Sunday, July 17, 2005

armored infant vehicle



in the urban jungle of manhattan, shit happens. the kid was saved by her (and i'm not making this up) "mountain buggy urban double stroller," the kiddie equivalent of a s.u.v., when a building collapsed on top of her. the stroller is a $600 deluxe infant-mobile with 12 inch air-filled tires and a sturdy aluminum frame. when the building collapsed, the kid was cocooned inside the buggy compartment. i mean, look at this thing. most strollers are a little less "deluxe".

they should really start advertising this thing, like an "armageddon" or a "war of the worlds" sort of spot where some outside force attacks a metropolis, which ends up covered in rubble. a building falls on a baby in a carriage, and after the catastrophe, the baby crawls out unharmed, giggling and cooing.

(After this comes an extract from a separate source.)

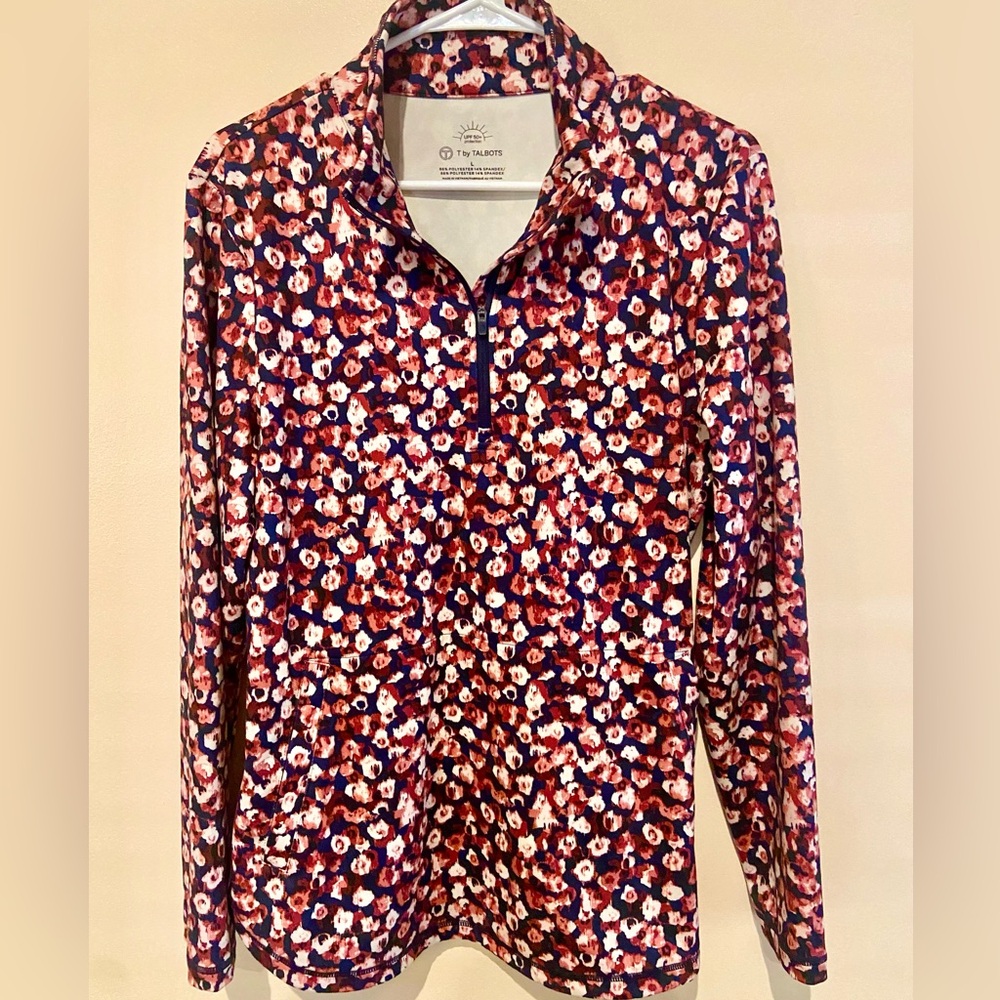 T by Talbots Quarter zip size L red pink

subway passengers often get testy about large baby strollers with ridiculous tires that resemble battering rams. they should have this kid dress up in a wonder woman outfit, get rolled into the 2/3 during rush hour, and say, "who's yer daddy now, bitches!" i mean, if you take public transportation, expect to run into anything and everything. schizophrenics, panhandlers, screaming teenagers, and over-protective mothers with their behemoth baby carriages. it's the nature of the beast. if ya don't like it... WALK!

okay, clearly i'm going nuts. back to studying.